The exact-duplicate matrix has rank 3 and a condition number around $10^{16}$ — effectively singular, numerically hopeless. The near-duplicate matrix is technically full-rank, but its condition number near $2 \times 10^5$ still signals trouble: small changes in the data produce large swings in the coefficients. Dropping the redundant column gives rank 3 with a healthy condition number around $3 \times 10^3$ — a model that behaves. The cure is to remove dependent features so the remaining columns are independent.

The lesson, and what a data scientist actually does

This phenomenon has a name in statistics — multicollinearity — and it is one of the most common practical failures in linear modeling. The two height columns are an obvious case, but collinearity sneaks in subtly: total income built from its components, a "BMI" feature alongside the height and weight it is computed from, one-hot encoded categories that sum to a constant. Every one of these is a linear dependence among feature columns, and every one is detected by the same rank check you learned in §6.5.

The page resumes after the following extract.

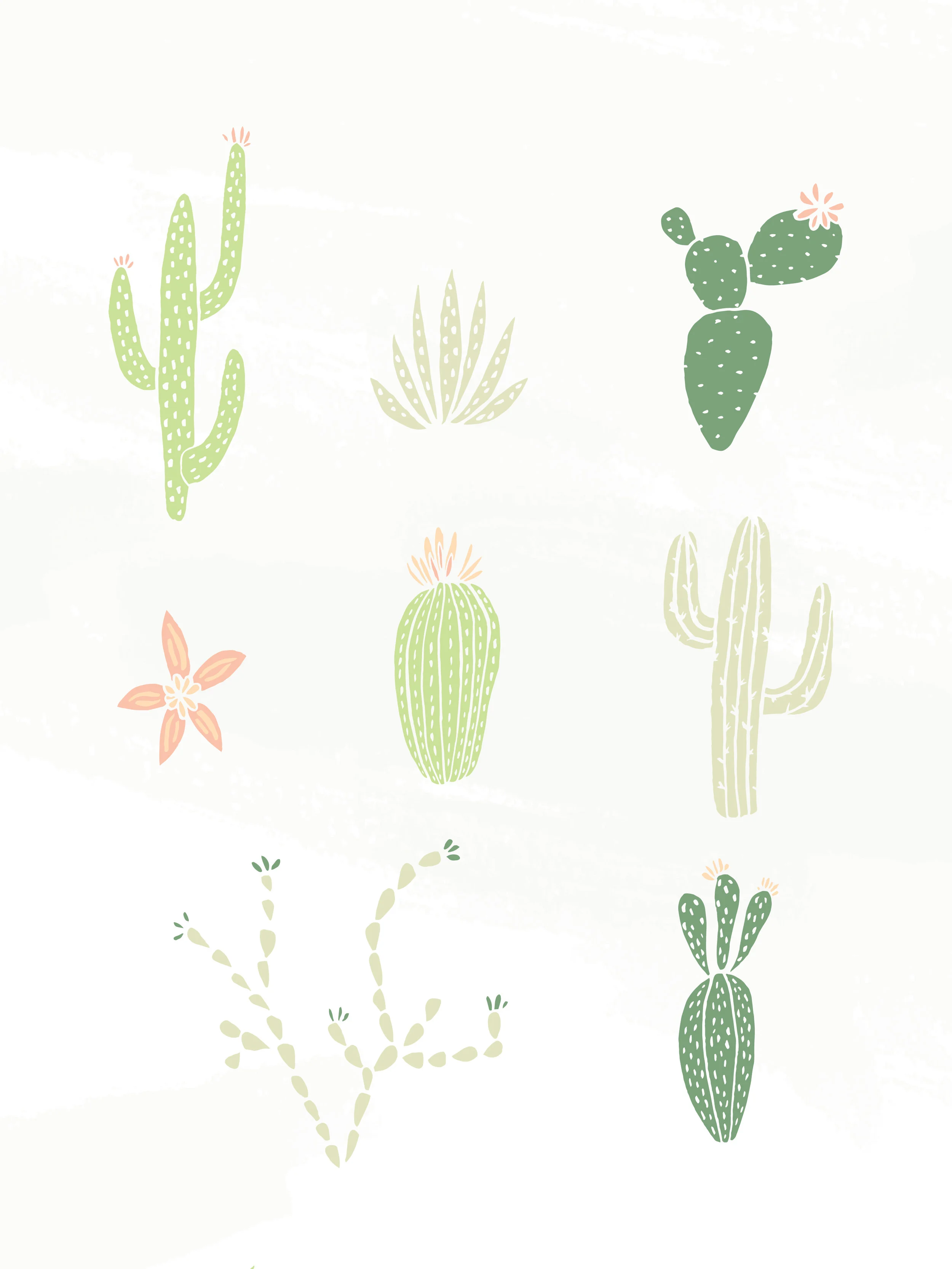 cactusBundle-01.jpg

A practicing data scientist therefore treats the feature matrix as a set of vectors and asks the chapter's central question: are these independent, or is some feature redundant? The workflow is exactly the linear algebra of this chapter:

Span: the feature columns span a subspace of $\mathbb{R}^{200}$ — the set of all predictions the model can possibly make. Adding a redundant feature does not enlarge that span (§6.3's pitfall: more vectors need not mean a bigger span), so it adds capability nowhere.
Independence: check np.linalg.matrix_rank(X) against the number of columns. If rank $<$ columns, some feature is a linear combination of the others — find it (via the null space, as in §6.5) and drop it.
Basis: the surviving independent columns form a basis for the feature subspace, and now the regression coefficients are unique — the model is identifiable and stable.

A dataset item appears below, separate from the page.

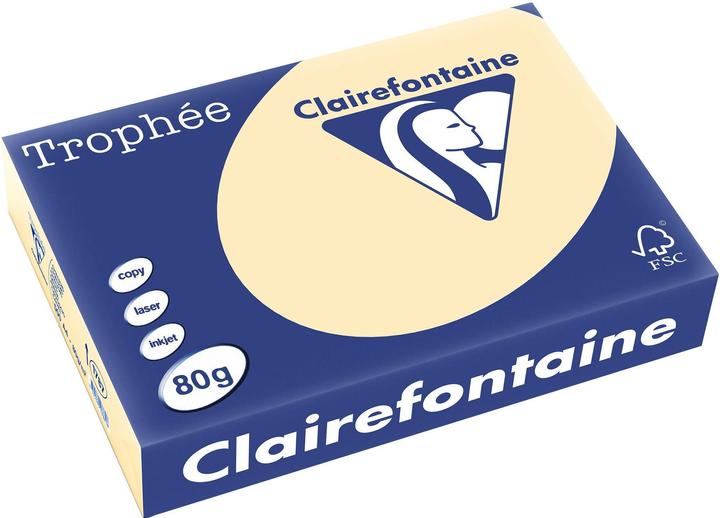 Chamois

The payoff is conceptual as much as practical. A "feature space" is not just a bag of columns; it is a vector space, and its true dimensionality is the rank — the number of independent features, not the number of features you happened to collect. Two researchers can describe the same data with different feature sets; what is invariant is the dimension of the span. That is the same insight that makes a basis the right object to coordinatize with (§6.10), and it scales all the way up to the high-dimensional embeddings of modern machine learning, where "intrinsic dimensionality" — how many directions the data really varies in — is precisely the rank of a data matrix and the subject of principal component analysis in Chapter 32.